» **Exercise description**: Restate word for word all of the lines below, with each image left out.

» **Given material**:

━━━━━━━━━━

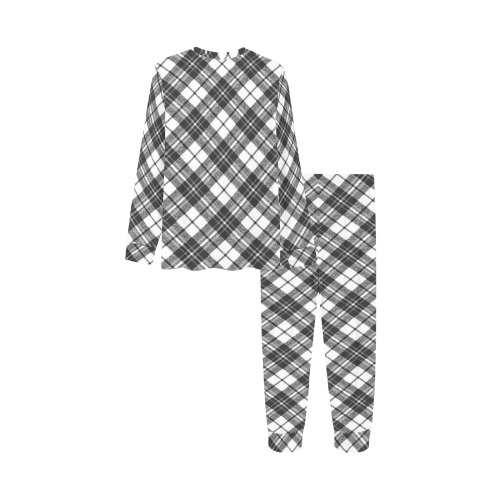 Tartan black white pattern holidays Christmas xmas elegant lines geometric cool fun classic elegance Kids' All Over Print Pajama Set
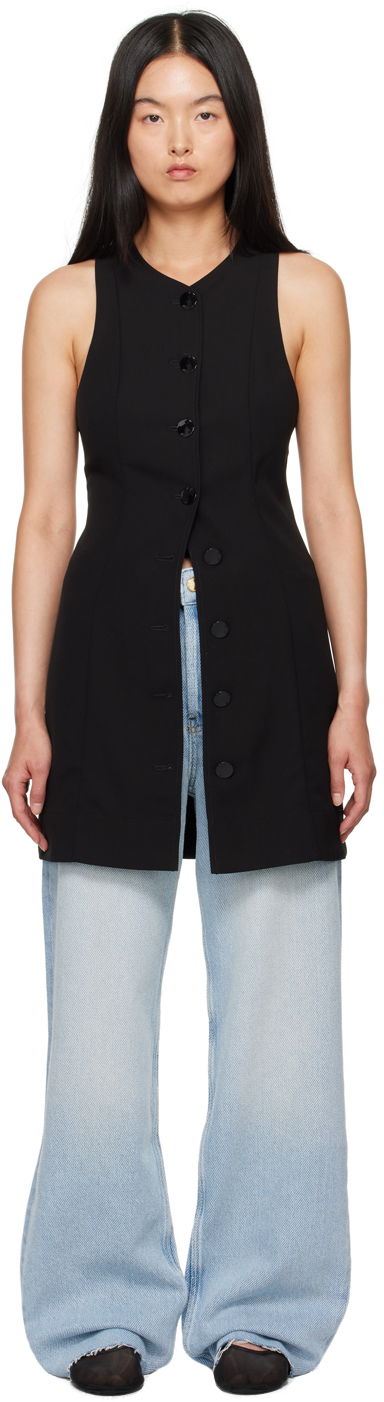 Mekko GANNI Black Button Minidress Musta | F9224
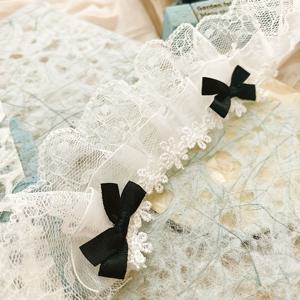TEMU 2야드의 2야드 레이스 리본, 플리츠 디자인과 레이스 보우가 특징이며, DIY 프로젝트, 달콤한 의류, 애완동물 액세서리에 적합합니다.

━━━━━━━━━━

» **Exercise answer**:
 Tartan black white pattern holidays Christmas xmas elegant lines geometric cool fun classic elegance Kids' All Over Print Pajama Set
 Mekko GANNI Black Button Minidress Musta | F9224
TEMU 2야드의 2야드 레이스 리본, 플리츠 디자인과 레이스 보우가 특징이며, DIY 프로젝트, 달콤한 의류, 애완동물 액세서리에 적합합니다.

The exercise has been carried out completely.